Saturday, October 16, 2010

ZeroMQ

I'm evaluating a couple of products for a larger project at work. The project will use at some point some kind of distributed storage, which may possibly be filled by the "ceph" project. Although it is experimental, there are a good couple of features that work already. For these evaluations, I've looked at some other work that has been done in this area. Most notably of course is the work that Google has done (GFS, Chubby, Percolator and BigTable). Some of the concepts described there are also implemented in Ceph, most specifically the Paxos algorithm for reliable replication.

Distributed storage is great for anything you'd like to query and which should be available 3-4 seconds after the data is "created" (although it's very likely created earlier). Distributed storage though is not a very good basis for broadcasting/multicasting/unicasting data as fast as possible after it was produced, because clients end up polling the file system for changes. For efficiency's sake and your own sanity, it is then better to use some kind of message queue. Two main architectures here: "bus" and "broker". The bus is basically a local subnet broadcast, where everything attached to the bus will have to parse messages and discard them if there is no interest. The broker(s) can be configured to receive messages from producers and route them through some broker network, reducing the number of times messages are copied and thus get re-transmitted through a separate link. Buses are useful only if you want all servers to know about the data, or the majority of them. Brokers are useful if you have geographically dispersed locations, want full control on how data is retransmitted, etc... Some brokers can also act more like "hubs", if you follow the "pubsubhubbub" project.
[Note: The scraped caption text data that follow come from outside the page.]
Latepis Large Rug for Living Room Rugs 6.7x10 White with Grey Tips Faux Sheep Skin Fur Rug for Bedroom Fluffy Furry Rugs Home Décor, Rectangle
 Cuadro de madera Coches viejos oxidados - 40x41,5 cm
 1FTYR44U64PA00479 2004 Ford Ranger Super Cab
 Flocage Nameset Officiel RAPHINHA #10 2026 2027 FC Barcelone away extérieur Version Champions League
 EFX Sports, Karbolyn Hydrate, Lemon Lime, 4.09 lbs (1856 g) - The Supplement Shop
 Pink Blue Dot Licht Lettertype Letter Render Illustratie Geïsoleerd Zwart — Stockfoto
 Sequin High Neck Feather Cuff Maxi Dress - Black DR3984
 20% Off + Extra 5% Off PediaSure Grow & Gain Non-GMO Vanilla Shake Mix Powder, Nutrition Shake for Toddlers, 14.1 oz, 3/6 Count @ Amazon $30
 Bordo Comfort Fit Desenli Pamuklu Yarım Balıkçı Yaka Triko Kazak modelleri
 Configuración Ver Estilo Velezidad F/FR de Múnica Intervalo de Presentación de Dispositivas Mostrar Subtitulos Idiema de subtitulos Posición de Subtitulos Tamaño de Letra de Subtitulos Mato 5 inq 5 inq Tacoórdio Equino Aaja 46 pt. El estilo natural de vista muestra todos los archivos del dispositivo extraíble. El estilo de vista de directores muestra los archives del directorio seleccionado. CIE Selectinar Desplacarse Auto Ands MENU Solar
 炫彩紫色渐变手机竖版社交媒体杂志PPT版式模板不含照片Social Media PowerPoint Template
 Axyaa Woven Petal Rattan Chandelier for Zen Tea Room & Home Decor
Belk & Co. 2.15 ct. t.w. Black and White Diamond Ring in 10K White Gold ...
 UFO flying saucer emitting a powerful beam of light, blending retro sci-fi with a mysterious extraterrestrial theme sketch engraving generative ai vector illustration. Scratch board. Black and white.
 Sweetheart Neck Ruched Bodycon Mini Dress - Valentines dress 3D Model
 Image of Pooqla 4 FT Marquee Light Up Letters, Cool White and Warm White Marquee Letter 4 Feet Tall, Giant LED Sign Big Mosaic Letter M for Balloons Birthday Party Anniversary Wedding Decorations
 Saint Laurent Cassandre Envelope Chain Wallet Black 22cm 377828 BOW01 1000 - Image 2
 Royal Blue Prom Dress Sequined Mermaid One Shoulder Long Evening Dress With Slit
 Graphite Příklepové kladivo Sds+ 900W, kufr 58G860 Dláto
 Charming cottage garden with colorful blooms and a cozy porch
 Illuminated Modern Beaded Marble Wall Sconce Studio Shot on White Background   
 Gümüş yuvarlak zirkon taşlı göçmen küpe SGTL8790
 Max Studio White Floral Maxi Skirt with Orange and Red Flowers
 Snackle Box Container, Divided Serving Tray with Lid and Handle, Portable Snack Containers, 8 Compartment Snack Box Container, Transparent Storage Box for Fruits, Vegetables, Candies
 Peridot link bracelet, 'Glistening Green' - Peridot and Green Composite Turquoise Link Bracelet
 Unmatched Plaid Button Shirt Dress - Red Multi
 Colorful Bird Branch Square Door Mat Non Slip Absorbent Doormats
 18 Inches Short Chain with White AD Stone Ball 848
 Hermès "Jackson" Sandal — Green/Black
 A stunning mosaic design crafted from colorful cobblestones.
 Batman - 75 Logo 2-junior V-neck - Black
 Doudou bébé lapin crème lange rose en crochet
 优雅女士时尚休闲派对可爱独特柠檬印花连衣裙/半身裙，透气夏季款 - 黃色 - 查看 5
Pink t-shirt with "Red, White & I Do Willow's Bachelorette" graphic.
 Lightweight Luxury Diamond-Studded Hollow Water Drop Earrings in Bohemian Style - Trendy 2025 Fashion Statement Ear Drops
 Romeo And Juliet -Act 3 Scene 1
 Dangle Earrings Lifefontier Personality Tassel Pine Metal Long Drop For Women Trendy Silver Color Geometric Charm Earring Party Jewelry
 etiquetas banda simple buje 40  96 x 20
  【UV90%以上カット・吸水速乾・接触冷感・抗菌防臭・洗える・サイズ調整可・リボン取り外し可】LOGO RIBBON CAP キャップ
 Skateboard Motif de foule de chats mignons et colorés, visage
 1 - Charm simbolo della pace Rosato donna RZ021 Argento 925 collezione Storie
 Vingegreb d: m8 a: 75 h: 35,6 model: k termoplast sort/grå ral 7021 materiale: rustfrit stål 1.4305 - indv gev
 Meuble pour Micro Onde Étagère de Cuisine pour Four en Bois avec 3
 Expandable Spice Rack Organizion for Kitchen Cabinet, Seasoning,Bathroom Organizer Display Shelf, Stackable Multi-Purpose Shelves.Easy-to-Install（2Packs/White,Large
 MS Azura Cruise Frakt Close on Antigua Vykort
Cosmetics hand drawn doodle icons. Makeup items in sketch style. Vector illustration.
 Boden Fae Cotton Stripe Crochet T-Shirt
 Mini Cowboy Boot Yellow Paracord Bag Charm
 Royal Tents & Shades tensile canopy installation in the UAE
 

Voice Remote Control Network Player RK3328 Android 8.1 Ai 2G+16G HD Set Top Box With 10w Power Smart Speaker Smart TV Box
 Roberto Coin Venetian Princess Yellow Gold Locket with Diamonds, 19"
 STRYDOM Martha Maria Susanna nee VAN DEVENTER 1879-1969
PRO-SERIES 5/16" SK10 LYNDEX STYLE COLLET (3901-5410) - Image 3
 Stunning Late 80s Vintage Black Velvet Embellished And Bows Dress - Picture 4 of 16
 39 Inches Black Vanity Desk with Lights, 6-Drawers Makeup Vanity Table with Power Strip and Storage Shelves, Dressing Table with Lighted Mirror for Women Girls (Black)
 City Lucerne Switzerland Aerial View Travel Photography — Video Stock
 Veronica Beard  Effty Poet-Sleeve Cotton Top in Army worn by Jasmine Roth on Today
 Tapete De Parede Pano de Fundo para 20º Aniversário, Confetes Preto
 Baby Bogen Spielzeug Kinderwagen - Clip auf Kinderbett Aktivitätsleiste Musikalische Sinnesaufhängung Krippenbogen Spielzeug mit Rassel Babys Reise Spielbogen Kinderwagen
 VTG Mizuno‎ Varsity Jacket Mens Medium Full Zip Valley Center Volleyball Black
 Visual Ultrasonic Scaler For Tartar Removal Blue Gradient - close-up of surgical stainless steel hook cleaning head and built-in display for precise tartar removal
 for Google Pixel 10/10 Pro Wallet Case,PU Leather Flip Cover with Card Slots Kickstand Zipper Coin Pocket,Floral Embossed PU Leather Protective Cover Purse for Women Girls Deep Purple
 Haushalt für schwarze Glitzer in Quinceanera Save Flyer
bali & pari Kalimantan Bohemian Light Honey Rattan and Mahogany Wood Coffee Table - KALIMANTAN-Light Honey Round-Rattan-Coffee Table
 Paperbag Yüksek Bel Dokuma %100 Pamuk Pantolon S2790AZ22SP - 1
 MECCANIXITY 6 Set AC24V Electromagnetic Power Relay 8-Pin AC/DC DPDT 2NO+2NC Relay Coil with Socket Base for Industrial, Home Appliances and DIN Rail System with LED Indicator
Sidenote: if you can avoid 'realtime' and mq altogether and do it through some file system, I'd recommend it. The concepts are simpler, it's easier to deal with faults and should you need any group locks, then the file system, even the distributed one called ceph, will be able to provide that for you. A mq puts the onus on the client for data caching, storing, reordering and all that. So file-based applications are always easier to write (at least from the client perspective :).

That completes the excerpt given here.